# AGR customer service comes through............



## Mike S. (Jun 8, 2008)

After posting in the "online mall for a loss thread", I went ahead and contacted AGR about not getting bestbuy.com points (purchased an item via the website with in store pickup) and points that I never got from a shoebuy.com purchase.

I got an email response from AGR saying I needed to fax them my account#, a description of the problem and my receipts. I did and I got a call about 2 weeks later. I didn't get to the phone in time, but they left a message saying they would research my fax request and to call if I had questions. About 2 weeks after that....I got my points post to my account. They never sent a confirmation or anything, but I just kept checking and they appeared.

So...it was about 4 weeks for the fax request to posting date, much faster than the "60-90 days" that the website claims requests will take.

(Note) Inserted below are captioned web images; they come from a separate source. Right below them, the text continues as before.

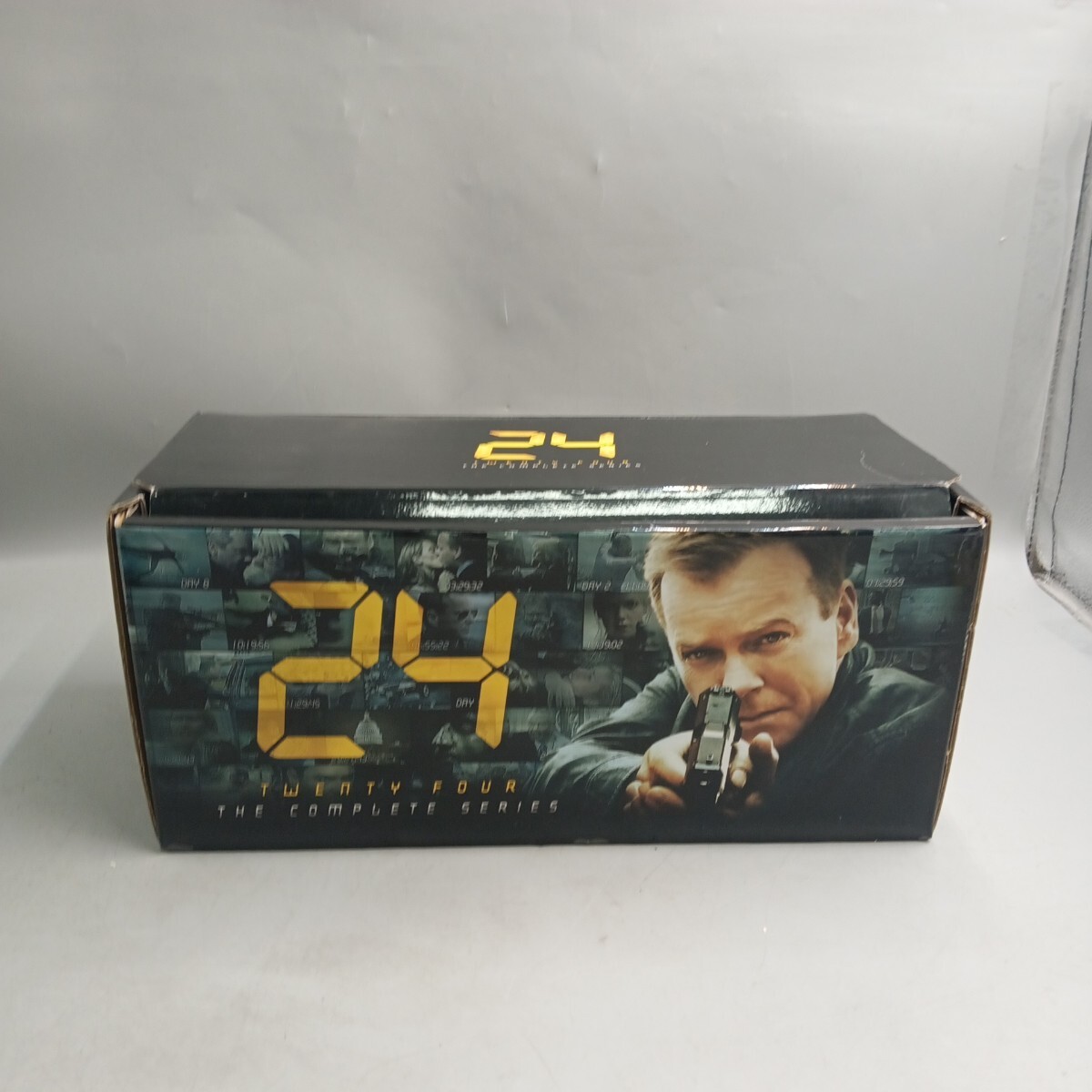 F 24 TWENTY FOUR COMPLETE DVD コンプリートDVD BOX トゥエンティ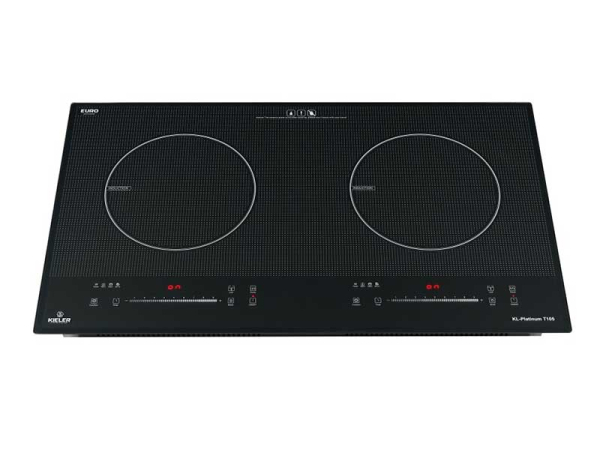 Bếp từ đôi KIELER KL - PLATINUM T105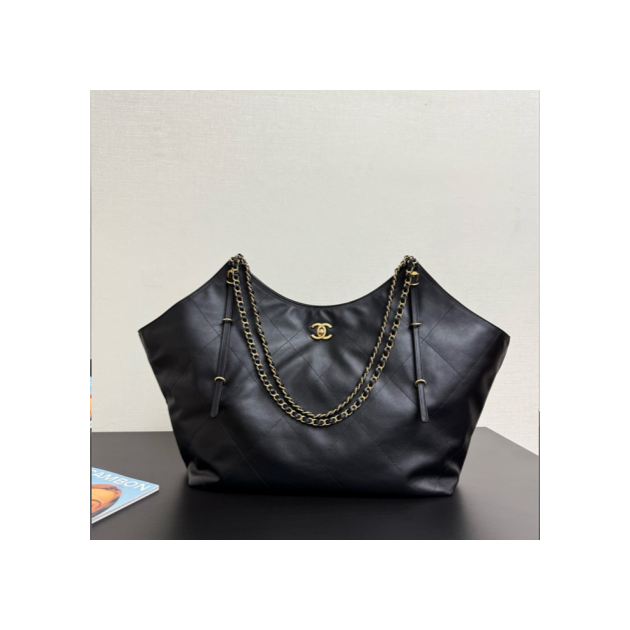 CHANEL 샤넬 토트백 라지 AS3698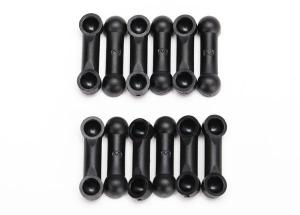 Traxxas CAMBER RODS, 2/3 DEGREE, 6 EA TRX7539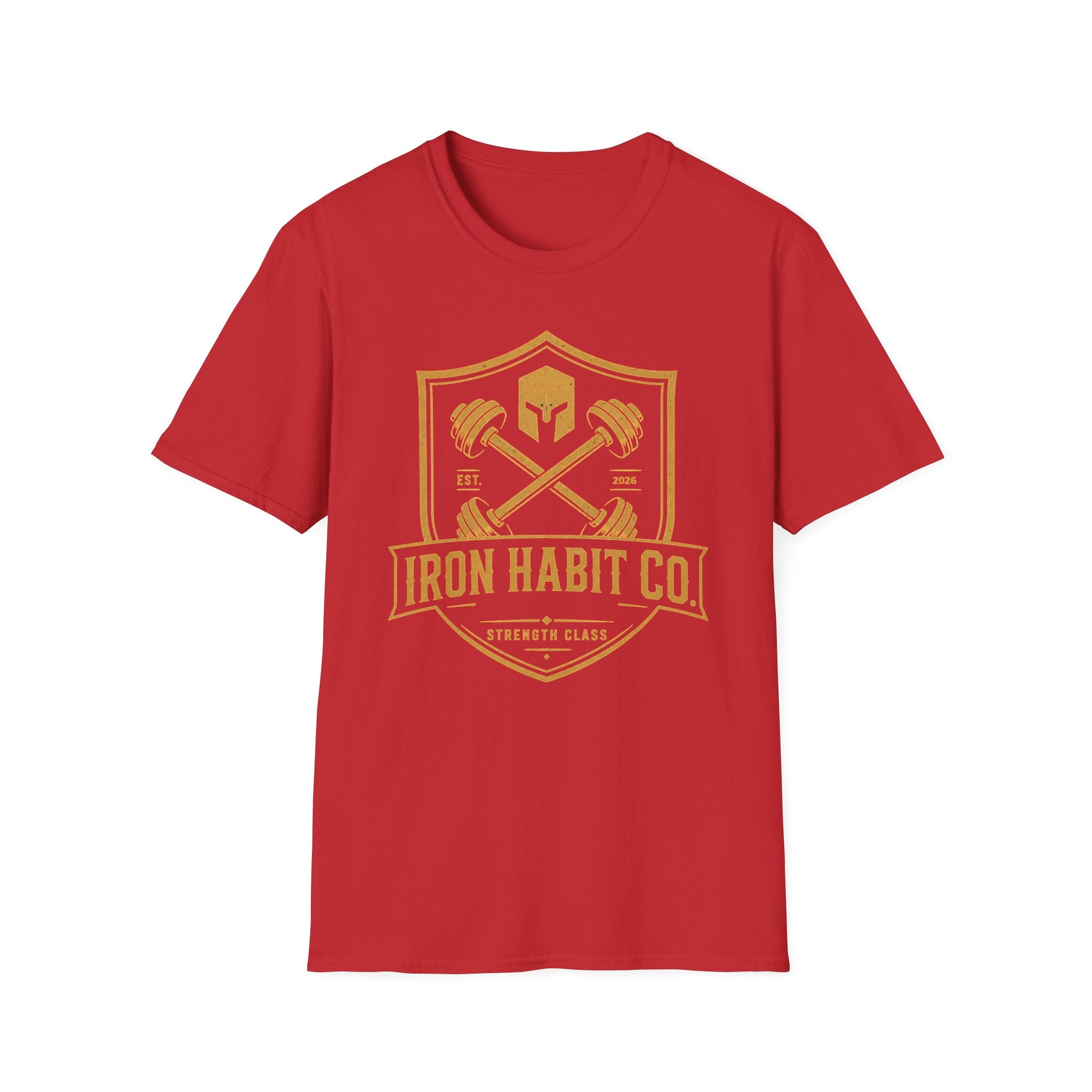 Iron Habit Co. T-Shirt
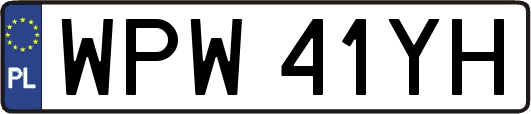 WPW41YH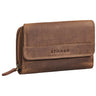 "Lissy" Real Leather Purses for Women with RFID Protection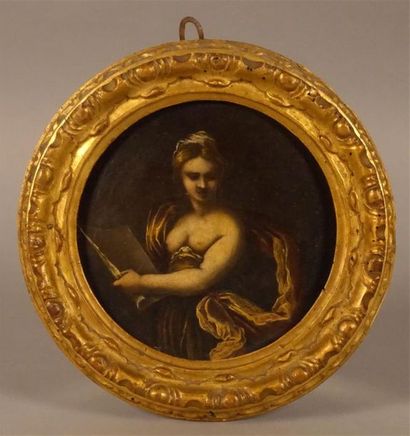 École milanaise vers 1630, entourage de Carlo-Francesco...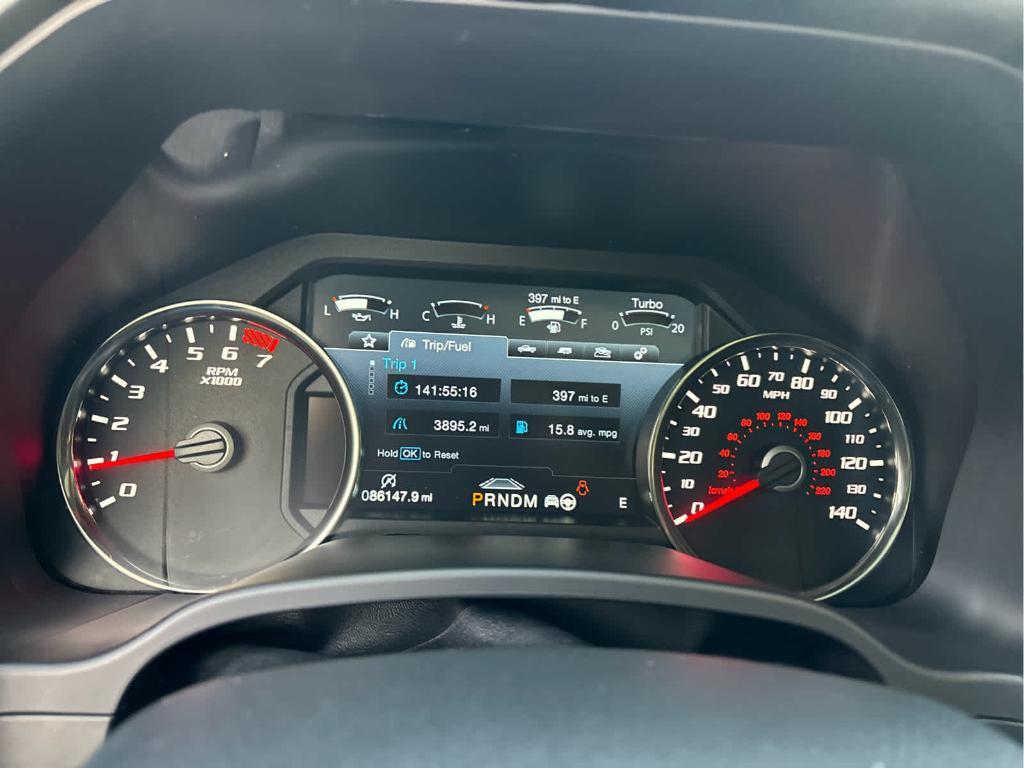 used 2019 Ford F-150 car, priced at $41,507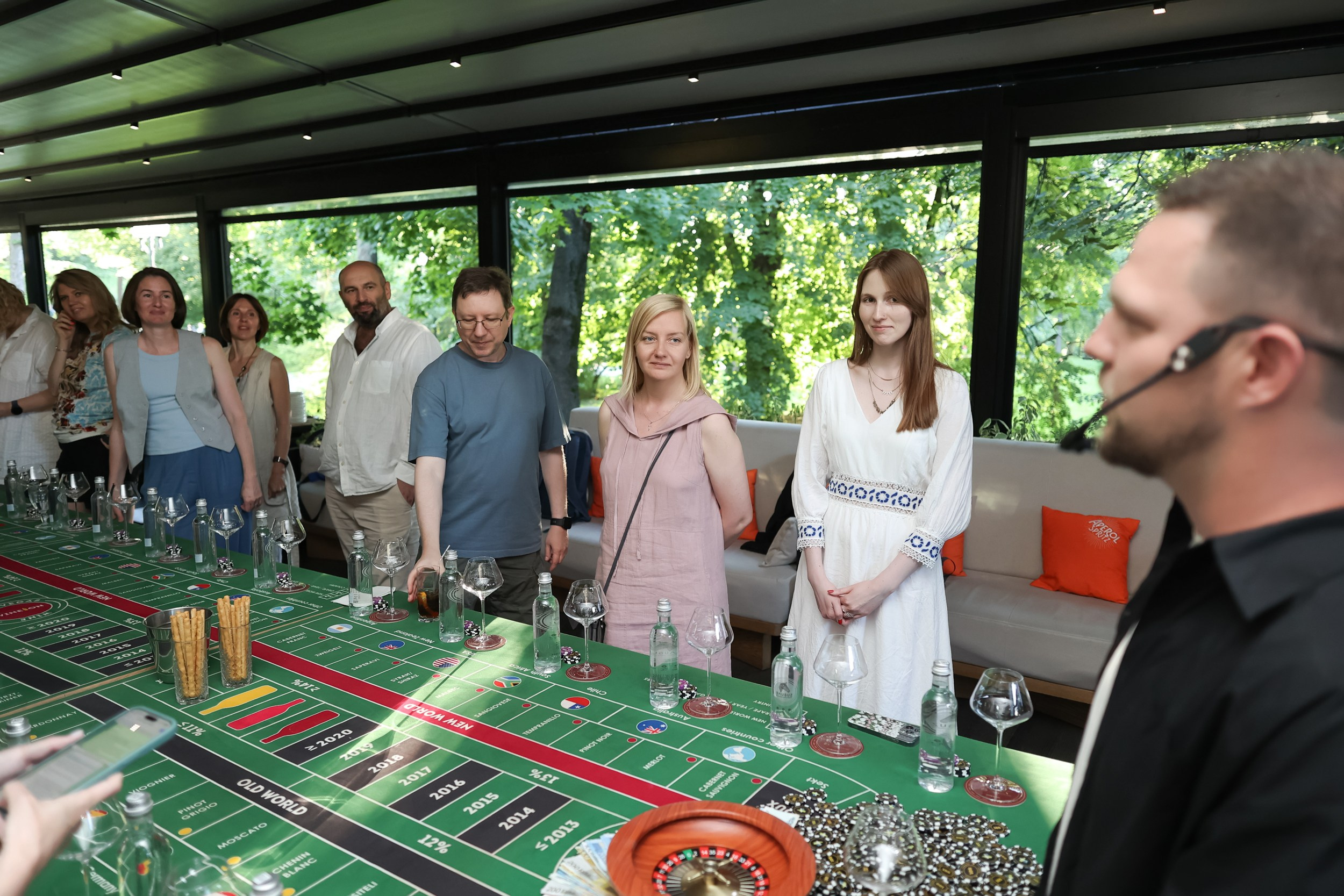 GG. Репортажный фотограф видеограф в Москве Ольга Плаксина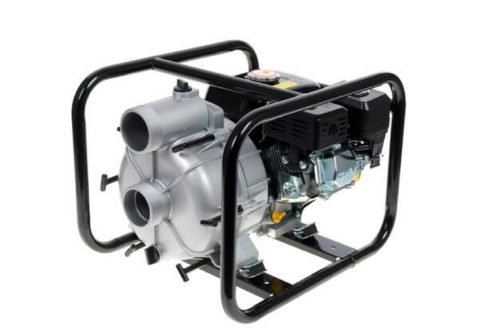 Мотопомпа HUTER MPD-80
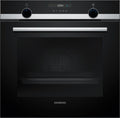 Siemens HB517GBS3 Forno elettrico multifunzione cm 60 - inox/nero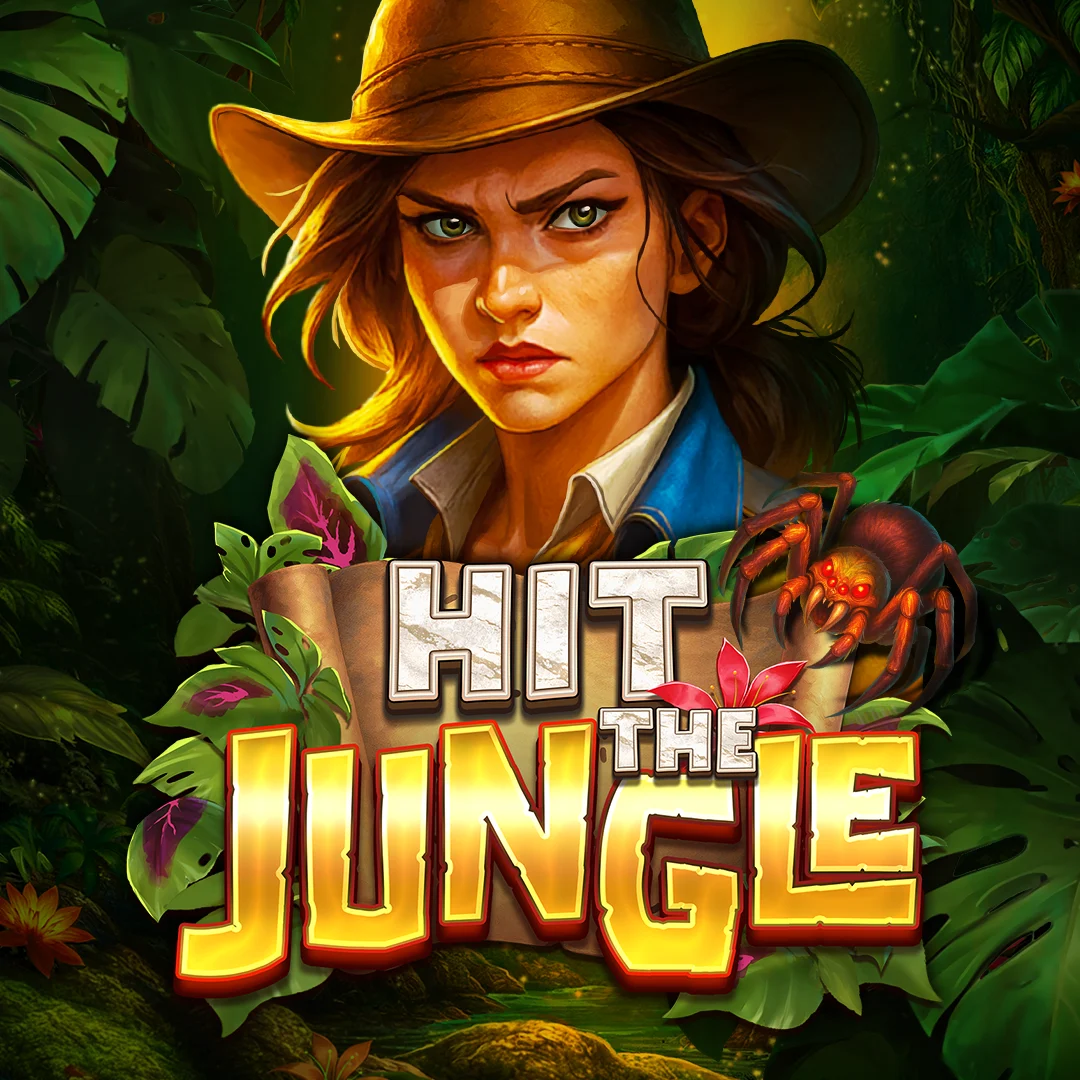 Redtiger : Hit The Jungle - BIROPAY28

I did in my initial email voice my annoyance that I need to do more work by tracking down points that should post automatically. Maybe the message will get through.

Mike S.


----------



## AlanB (Jun 8, 2008)

I've heard that AGR is aware of all the problems with the online mall and is moving to try and rectify things. Both in terms of kicking out merchants that can't get it right (they just did terminate several last month), as well as to improve both the attitude that agents convey when people report problems, and to make it easier to report problems and get those points posted timely upon receipt of proof.

And in the meantime while that is worked on, let me just remind everyone that this is still one of the best, most generous programs out there. Yes, it would be nice if everything worked perfectly the first time, but IT does happen sometimes. But the signs are there that AGR really is trying to fix this rather annoying problem. And your experience Mike, coupled with Brenda’s results from a few weeks ago, shows that they are indeed continuing to work on this problem.


----------



## sechs (Jun 8, 2008)

I spent months working on my online mall issue, and all a got was a couple hundred "thanks for playing" points. I had to ask for those!


----------



## AlanB (Jun 13, 2008)

I know that we've probably had a few other topics like this, but since it does seem that AGR is trying to fix the problems with this program, I'm curious if any other members out there have not been able to get the points that they were entitled to for an online mall purchase and just gave up. If you have had problems with the mall that were not resolved, please post a bit of a description of what did or didn't happen, but without giving away any revealing details.

We'll use this as sort of a benchmark to compare things as AGR attempts to make using the mall far more seemless and less painful in the future.

Thanks!


----------



## RailFanLNK (Jun 13, 2008)

So whose all been kicked off? I'm still trying to get some points and wondering if it was any of the merchants I purchased from.


----------



## rimmiqs (Jun 13, 2008)

rail rookie said:


> So whose all been kicked off? I'm still trying to get some points and wondering if it was any of the merchants I purchased from.


I think Netflix, Staples, and Sharper Image so far.


----------



## sechs (Jun 16, 2008)

I didn't notice ShoeBuy in the list. That's from where I was expecting to get points.


----------



## rimmiqs (Jun 16, 2008)

Yeah, Shoebuy is still an online mall partner.


----------